Um Acht war dann Feierabend :smoki


----------



## Springmaus (26. März 2012)

*AW: Projekt Teichbau in Hanglage hat begonnen*

Hallo,

echt was geschaft


----------



## PeterBoden (26. März 2012)

*AW: Projekt Teichbau in Hanglage hat begonnen*

Gleich gemörtelt, das war fix! 

Schon ausgemessen?


----------



## Shiva88 (26. März 2012)

*AW: Projekt Teichbau in Hanglage hat begonnen*

Hallöchen,

Danke, Danke 

Ganz fertig mit Mörteln sind wir noch nicht, müssen den Rand noch höher legen.

Ich hab Grob gemessen, wegen Ufermatte: hab 30 m² bestellt. Für 5,50 € pro m² 

Wenn er komplett ist, messe ich mal richtig


----------



## Shiva88 (27. März 2012)

*AW: Projekt Teichbau in Hanglage hat begonnen*

Hallo ihr lieben,

wir haben für den Teich einen Pflaumenbaum weg gemacht und die Wurzel sieht so gut aus, dass ich sie gerne im Teich als Blickfang/Versteckmöglichkeit für spätere Teichbewohner positionieren möchte.

Was muss ich mit der Wurzel machen, ausser gründlich reinigen?


----------



## Plätscher (27. März 2012)

*AW: Projekt Teichbau in Hanglage hat begonnen*



Shiva88 schrieb:


> Hallo ihr lieben,
> 
> wir haben für den Teich einen Pflaumenbaum weg gemacht und die Wurzel sieht so gut aus, dass ich sie gerne im Teich als Blickfang/Versteckmöglichkeit für spätere Teichbewohner positionieren möchte.
> 
> Was muss ich mit der Wurzel machen, ausser gründlich reinigen?



Hallo,

wenn sie vollständig Unterwasser soll, muß sie gegen Aufschwimmen beschwert werden.

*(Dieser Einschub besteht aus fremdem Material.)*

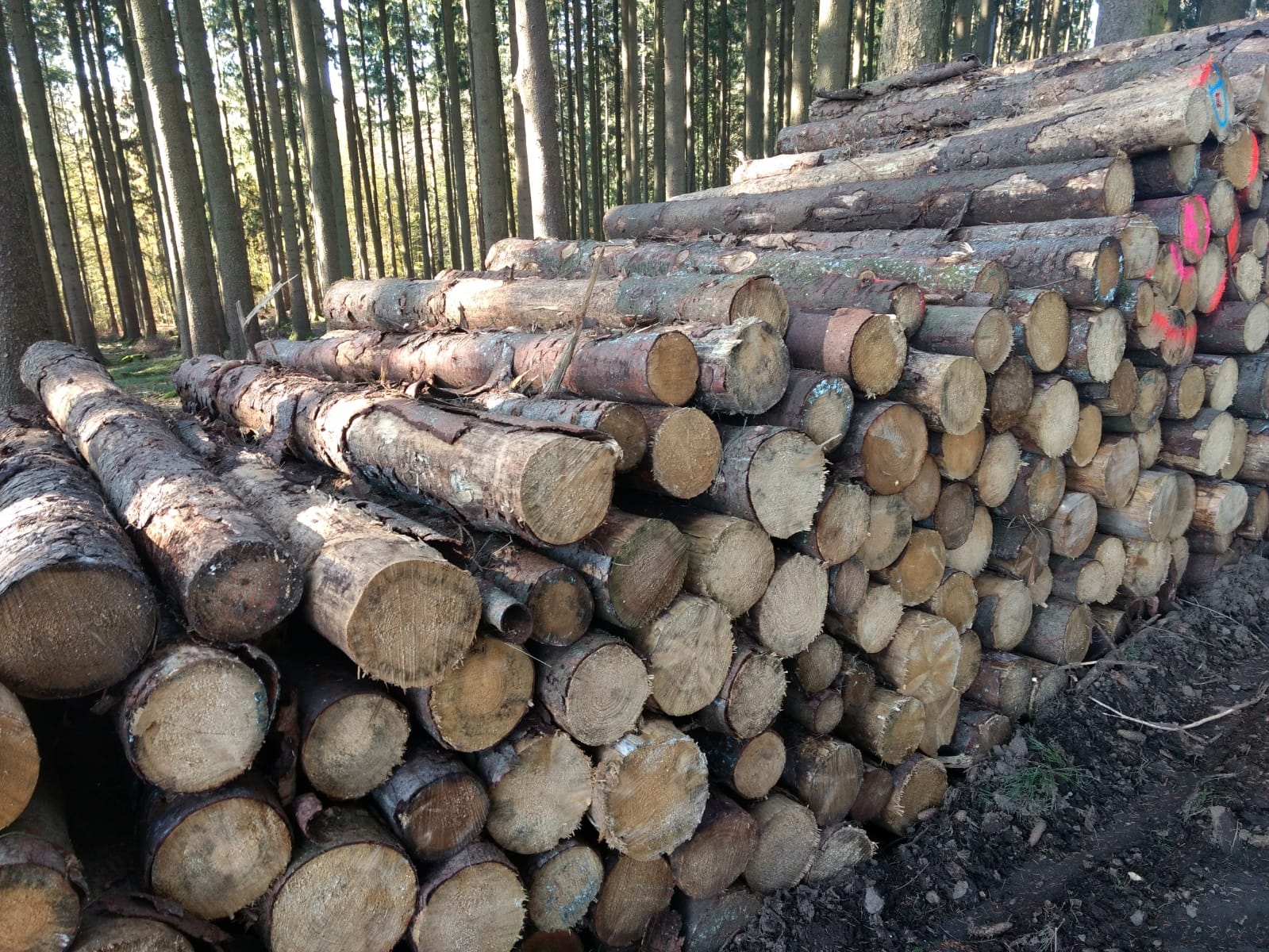 Symbolbild Brennholz
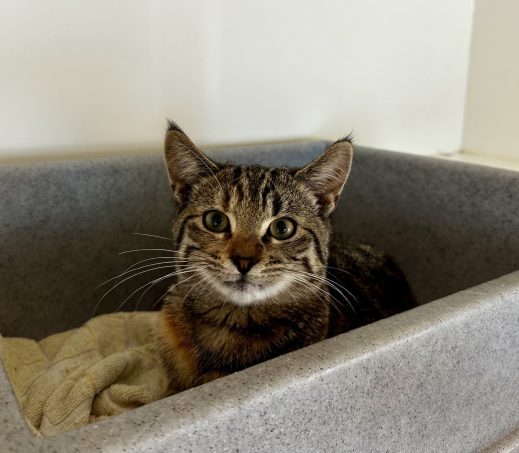 Gevonden kat (Romy)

Ist sie ca 50% überwasser dann bleib sie von alleine liegen. 

Pflaume ist gut, verrottet nur sehr langsam, da hast du lange was von.


----------



## Shiva88 (29. März 2012)

*AW: Projekt Teichbau in Hanglage hat begonnen*

Hallöchen,

@ Jürgen: Danke für die Info 

Seid gestern Abend ist auch endlich der Rand fertig modelliert  (Bilder folgen  )

Jetzt hab ich aber ein kleines (großes) Problemchen:

Die Höhenunterschiede waren so groß, dass wir teilweise einen rand von über 20 cm haben 
Und das auch noch genau bei meinen Pflanzzonen, sodass aus 20 cm Wasserstand mal locker 40 cm wurden :evil - Da bekomme ich doch nie meine Korkenzieherbinse durch 

Meine Frage:

Wie komme ich - ohne größeren Aufwand - bei meinen Pflanzzonen wieder auf 10 - 30 cm? 

hoffentlich könnt ihr mir helfen, mir fällt nix dazu ein :beten


----------



## Shiva88 (30. März 2012)

*AW: Projekt Teichbau in Hanglage hat begonnen*

Kann mir denn keiner helfen?
Nicht mal nen Tipp? 

zur veranschaulichung (tolles Wort  ) mal ein paar Bilderchen:

 
 
 

Eh ich es vergesse:

Mein kleines Quellsteinchen (knapp 1 m breit, 80 cm lang und ca 70 cm hoch :crazy )ist endlich auch oben angekommen


----------



## Annett (5. Apr. 2012)

*AW: Projekt Teichbau in Hanglage hat begonnen*

Hallo Jacky.

Sorry, für die etwas späte Antwort... ich befürchte, dass Du nur durch mehr Material (entweder Mörtel unter der Folie oder Sand auf der Folie) auf Deine gewollte Pflanztiefe kommst. 
Die Alternative wäre außen herum eine weitere Flachwasserzone anzusetzen, aber das wird bei Euch schon aus Platzgründen eher nix. 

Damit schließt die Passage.